Mank é um falhanço em que não se revela um toque de realização que não seja o de falsificar vestígios de classicismo através de flashbacks e de sons da época áurea de Hollywood. Imitando, em certos aspectos formais, truques que foram os de Orson Welles, Fincher obtém um produto artificial. Nele movem-se personagens de papelão, que não se procura dotar de dimensão, o que resulta numa narrativa esterilizada e sem interesse. Lidera-a um Gary Oldman acabado de oscarizar, sem qualquer poder de transcendência no palco em que se move, que é o mesmo em que surge, de vez em quando, um tímido Welles, não por uma questão de personalidade, mas por insegurança do realizador em representar alguém que, aos 24 anos, recebeu um frasco com o elixir dos deuses – que mais tarde partiu.
Para uns, que podem ser os fanáticos de Citizen Kane ou dos bastidores dos clássicos estúdios da RKO, pode sobrar a pequena curiosidade histórica. Porém, a mitomania hollywoodiana dos anos 30 e 40 não parece outra coisa que não um cirque du freak com palco para os grandes CEO das produtoras, suas mansões e seus jardins zoológicos megalómanos, suas festas e seus devaneios de grandeza. Tudo o mais, é a monotonia do que os rodeia, porque o texto do filme assim o obriga, restando o easter egg das femmes fatales, ou, numa cena dramática e teatral, o vislumbre da pequena Shirley Temple.
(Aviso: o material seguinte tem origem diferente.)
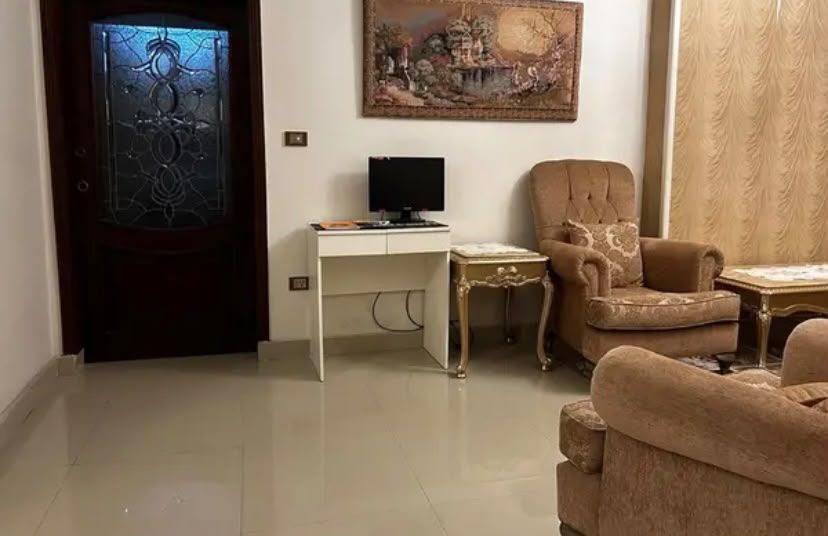 شقه للبيع في لوران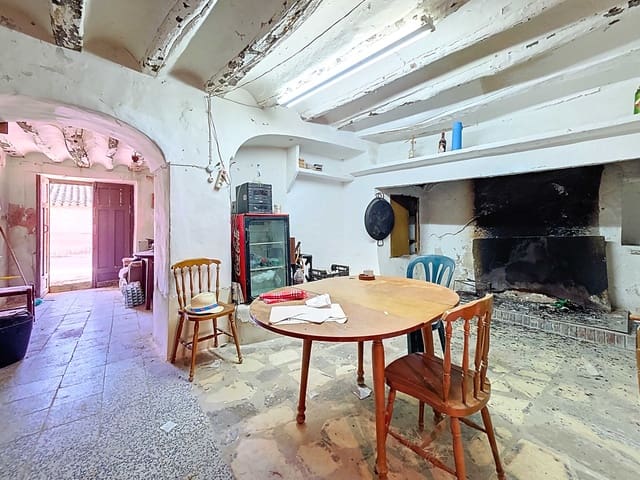 6 quarto Casa em Banda para venda em Torre del Rico, Jumilla com garagem - 69 950 € (Ref: 9841496)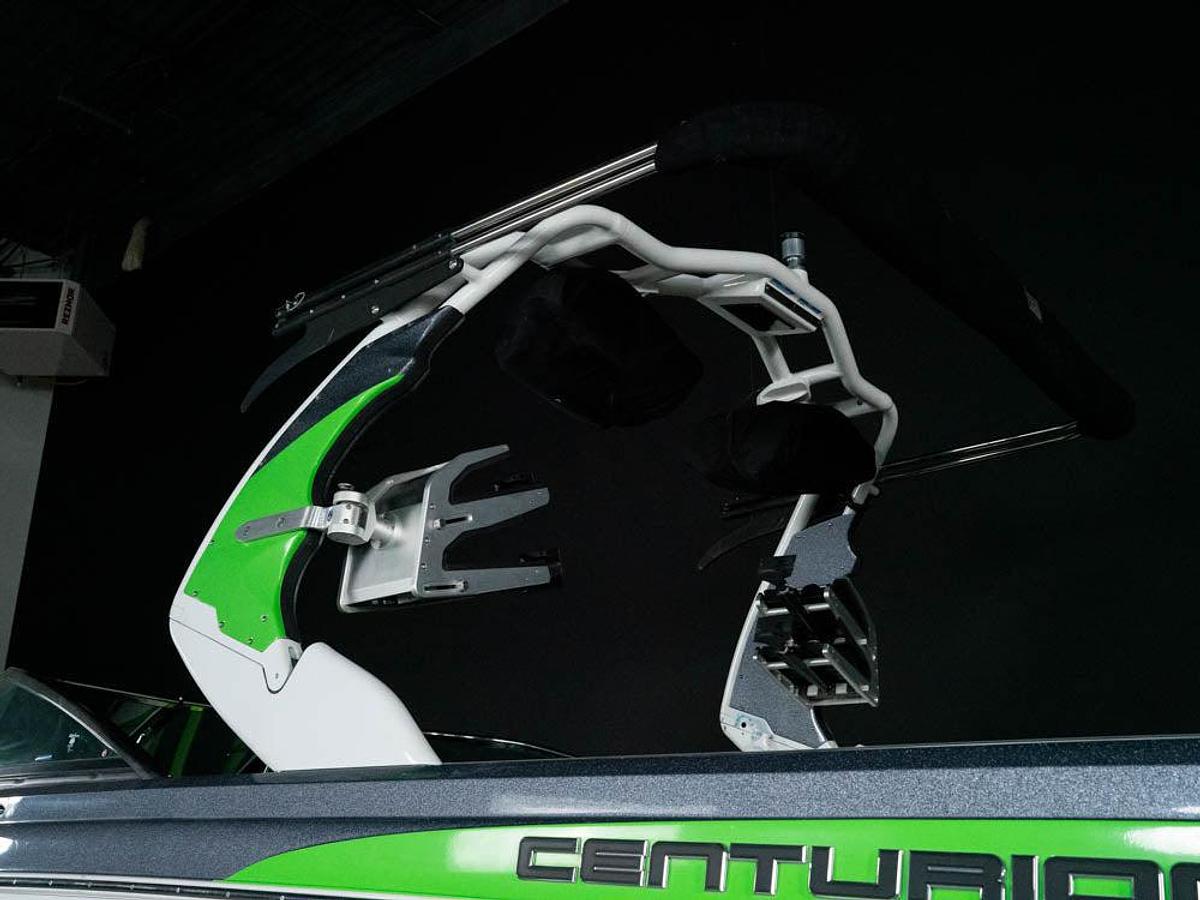 Used 2017 Centurion Ri257 - White / Gunmetal Flake / Green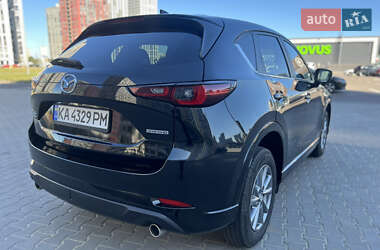 Позашляховик / Кросовер Mazda CX-5 2023 в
As personagens secundárias sofrem com a falta de arrojo de Fincher, também ele deslumbrado por um argumento que não domina (o que se demonstra, desde logo, pelo resultado final de todos os argumentos que Fincher outrora dominou).
O filme não é mais do que a história que conta, sem linhas narrativas definidas, independentemente dos recursos utilizados para conseguir esta definição, assentando-lhe como a poucos a crítica do filme que é «só imagem». Não confundamos a história com as formas clássicas que existem para a contar, nem o modernismo com a desconcentração, a incapacidade de foco, e a verborreia; Welles tem filmes modernos no seu currículo, para quem quiser tirar as teimas. Ser-se veloz não é ser-se moderno, muito embora Othon seja tão moderno quanto Francisca.
Fincher é um dos bons realizadores do cinema americano, e é-o mesmo em piloto automático, o que se manifestou em Alien 3, que hoje renega. Aqui não vence um argumento fraco e o impulso para tentar simular um período que já não existe, e por isso Mank tem validade curta: a mesma que é estampada em todos os produtos que são saudosistas sem serem originais, apaixonados ou meritórios. Não imaginei vir a ter saudades de um filme em que tão bem se lia a alma americana como é Gone Girl, ou de um realizador capaz de criar narrativas reminiscentes de uma forma de contar antiga, em todos os filmes excepto naquele em que o tentou imprimir a ferros – mas tenho. A julgar pelo contrato de exclusividade que David Fincher celebrou com a Netflix, é uma saudade que adquirirá contornos de épico.